**Exercise requirements**
Please quote exactly the lines below from the line containing "Vintage Simple Green" to the line containing "Personalized Rangiku Matsumoto", both lines included, and nothing else.

**Data to use**
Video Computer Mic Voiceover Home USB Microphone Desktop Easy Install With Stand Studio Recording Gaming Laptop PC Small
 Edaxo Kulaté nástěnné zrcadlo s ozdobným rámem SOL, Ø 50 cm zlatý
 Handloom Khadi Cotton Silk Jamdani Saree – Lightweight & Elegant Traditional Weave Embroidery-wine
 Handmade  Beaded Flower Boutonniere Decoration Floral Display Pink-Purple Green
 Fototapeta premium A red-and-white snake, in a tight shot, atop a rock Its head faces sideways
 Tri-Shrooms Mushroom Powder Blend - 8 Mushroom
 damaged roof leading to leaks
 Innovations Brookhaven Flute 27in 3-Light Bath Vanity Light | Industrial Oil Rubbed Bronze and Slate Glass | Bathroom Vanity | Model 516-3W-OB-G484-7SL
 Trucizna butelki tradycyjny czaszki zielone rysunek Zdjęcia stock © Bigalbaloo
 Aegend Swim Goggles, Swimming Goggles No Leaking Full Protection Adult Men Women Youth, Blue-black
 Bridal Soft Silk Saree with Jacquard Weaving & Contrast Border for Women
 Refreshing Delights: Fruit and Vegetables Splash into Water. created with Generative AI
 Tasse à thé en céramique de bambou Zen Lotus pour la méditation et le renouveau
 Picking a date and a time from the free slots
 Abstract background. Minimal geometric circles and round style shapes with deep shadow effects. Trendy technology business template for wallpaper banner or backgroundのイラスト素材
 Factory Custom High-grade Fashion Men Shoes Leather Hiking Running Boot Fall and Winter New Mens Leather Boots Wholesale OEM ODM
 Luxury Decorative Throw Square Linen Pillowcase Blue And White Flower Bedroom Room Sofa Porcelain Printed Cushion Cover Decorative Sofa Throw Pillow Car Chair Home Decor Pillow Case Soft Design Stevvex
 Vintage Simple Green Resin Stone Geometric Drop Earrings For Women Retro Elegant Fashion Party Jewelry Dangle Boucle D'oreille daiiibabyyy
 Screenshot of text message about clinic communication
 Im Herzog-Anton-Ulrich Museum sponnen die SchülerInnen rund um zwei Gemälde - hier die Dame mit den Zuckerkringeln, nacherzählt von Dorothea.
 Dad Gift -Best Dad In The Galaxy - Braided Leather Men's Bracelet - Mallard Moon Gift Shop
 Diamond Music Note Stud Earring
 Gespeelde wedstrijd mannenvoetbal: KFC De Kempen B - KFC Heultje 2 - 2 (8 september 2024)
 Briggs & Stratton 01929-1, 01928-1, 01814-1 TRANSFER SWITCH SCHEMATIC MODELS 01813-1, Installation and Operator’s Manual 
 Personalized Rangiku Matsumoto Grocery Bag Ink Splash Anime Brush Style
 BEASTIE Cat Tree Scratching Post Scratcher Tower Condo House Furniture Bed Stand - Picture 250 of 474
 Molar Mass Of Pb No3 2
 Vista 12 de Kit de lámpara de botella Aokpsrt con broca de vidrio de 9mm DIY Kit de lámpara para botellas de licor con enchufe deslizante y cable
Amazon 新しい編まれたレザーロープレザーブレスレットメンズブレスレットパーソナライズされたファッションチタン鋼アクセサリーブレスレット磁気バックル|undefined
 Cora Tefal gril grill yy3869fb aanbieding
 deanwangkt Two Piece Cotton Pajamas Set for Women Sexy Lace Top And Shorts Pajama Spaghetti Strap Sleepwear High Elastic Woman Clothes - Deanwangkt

**Answer space**
 Vintage Simple Green Resin Stone Geometric Drop Earrings For Women Retro Elegant Fashion Party Jewelry Dangle Boucle D'oreille daiiibabyyy
 Screenshot of text message about clinic communication
 Im Herzog-Anton-Ulrich Museum sponnen die SchülerInnen rund um zwei Gemälde - hier die Dame mit den Zuckerkringeln, nacherzählt von Dorothea.
 Dad Gift -Best Dad In The Galaxy - Braided Leather Men's Bracelet - Mallard Moon Gift Shop
 Diamond Music Note Stud Earring
 Gespeelde wedstrijd mannenvoetbal: KFC De Kempen B - KFC Heultje 2 - 2 (8 september 2024)
 Briggs & Stratton 01929-1, 01928-1, 01814-1 TRANSFER SWITCH SCHEMATIC MODELS 01813-1, Installation and Operator’s Manual 
 Personalized Rangiku Matsumoto Grocery Bag Ink Splash Anime Brush Style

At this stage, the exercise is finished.